Since Trigeminal Neuralgia is a neurological condition and not a dental issue, treatment of the condition didn’t fall under Dr. Freeman’s purview. Despite this, he was the only health care provider to follow-up with Christine after seeing her MRI, informing her of what the MRI results showed, sharing with her the reported diagnosis, facilitating her referral to a neurologist specializing in TN, and checking in to make sure her care was progressing. Receiving a diagnosis was a huge step for Christine, who had continued to feel dismissed. Learning her pain was part of a diagnosed condition was, in many ways, a huge relief. When Mike, Christine’s husband, began reading about the condition, he cried. He finally was beginning to understand the amount of pain his wife was in, something she had tried to minimize since the accident.

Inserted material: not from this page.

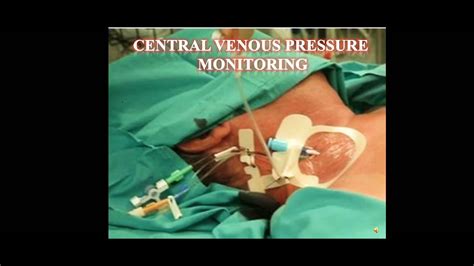 Central Venous Pressure Monitoring Procedure||CVP - YouTube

When Dr. Freeman learned that the specialists had not reached out to Christine following her MRI, he immediately sent a joint referral with her family doctor to one of Canada’s top neurosurgeons, Dr. M. Hodaie, the Director of the Gamma Knife Clinic at Toronto Western Hospital. Christine was quickly seen and underwent surgery to address the nerve issue.

Today, Christine is living pain-free. While she still suffers from some discomfort in her jaw related to the accident, it is nothing compared to the acute, blackout-inducing pain of trigeminal neuralgia. It was a long journey to get here, but Dr. Freeman was with her every step of the way, championing her care, regularly following up with the medical experts involved and checking-in with Christine and her husband to ensure she was getting what she needed. Dr. Freeman’s compassionate, holistic approach to patient care allowed Christine to feel like a whole person, not just a walking diagnosis.

“His personality and the way he approaches patient care made it comfortable. Dr. Freeman created the environment, and then he asked the right questions. Without that approach nothing that needed to happen would have happened. If I had ended up in anyone else’s office it wouldn’t have been the same outcome,” says Christine.

Christine’s advice for anyone who finds themselves in pain and without answers is to advocate for themselves tenaciously, and to find a healthcare provider who will champion their care above all else.